Dua kakak perempuan Chen dari istri utama, sejak kecil dibimbing dengan penuh perhatian oleh ibu mereka, dan setelah beranjak dewasa, selalu dibawa serta untuk belajar mengelola urusan rumah tangga, menundukkan para pelayan, mengatur hubungan sosial...

Semua itu, tidak pernah dialami Chen.

Karena itu, ketika ia merencanakan untuk menjebak putri kandungnya sendiri, ia sama sekali tak memikirkan lebih jauh apa akibat perbuatannya bagi putrinya, ataupun bagi seluruh keluarga Gu.

Untuk pertama kalinya dalam hidup, Chen mulai memahami hal-hal tersembunyi ini lewat teguran orang lain, namun sayangnya, itu terjadi setelah ia gagal menjebak putrinya sendiri.

Setelah beberapa kali meluapkan amarah, kini nenek tua itu berhasil menahan amarahnya, menatap Chen dengan dingin, “Katakan, mengapa kau lebih rela memaksa Lán sampai mati, daripada membiarkannya menikah ke keluarga Wei?”

Hati Chen bergetar hebat, tapi ia hanya menundukkan kepala, tak berani mengucapkan sepatah kata pun.

Wajah nenek tua itu berubah dingin, “Kau kira kalau kau diam, tak ada yang bisa menebak?
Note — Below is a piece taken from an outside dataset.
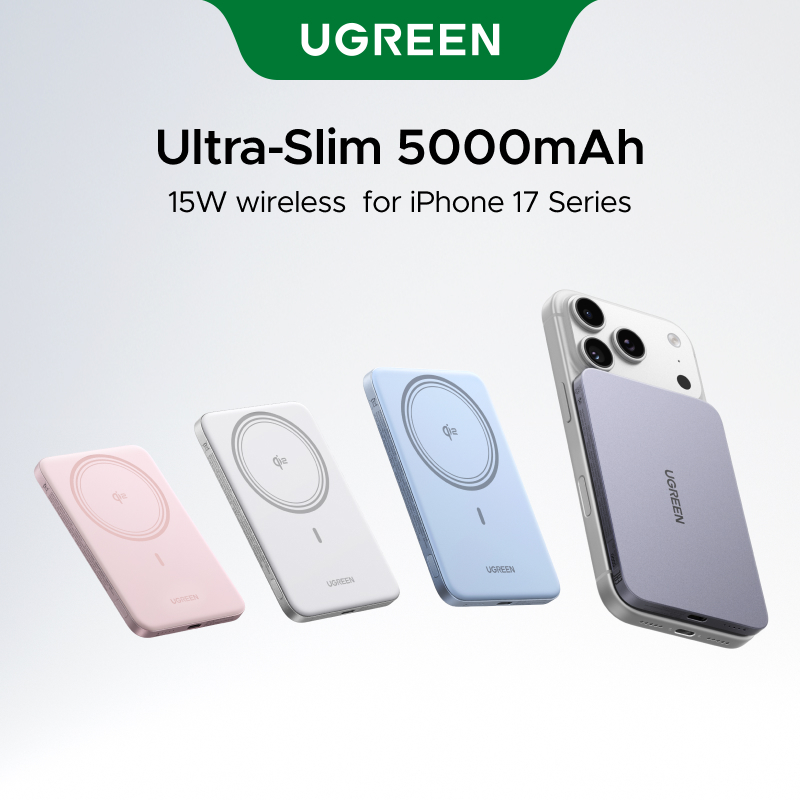 [Siêu mỏng] Sạc nhanh không dây từ tính UGREEN 15W 5000mAh USB-C 20W Tương thích với iPhone 17 Series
Keluarga Wei hanyalah keluarga jatuh miskin. Jika saja bukan karena Wei, selir tua, setidaknya telah melahirkan dua putra bagi kakek tua—anak ketiga dan ketujuh—maka dengan segala perbuatan keluarga Wei yang selama ini menunggangi nama besar keluarga Gu, sudah dari dulu mereka dilenyapkan.”

“Keluarga Wei tak punya apa-apa yang kau inginkan. Kau bagaimanapun juga adalah nyonya ketiga di keluarga Gu, masa kau tergiur harta benda keluarga Wei yang tak seberapa...”

“Jadi, semua ini berkaitan dengan Wei, selir tua, di kuil keluarga?”

“Wei, selir tua, yang mengisyaratkan kau melakukan ini, atau ia menjanjikan sesuatu padamu?”

Setiap kata, setiap kalimat, bagai genderang berat yang terus-menerus menghantam hati Chen.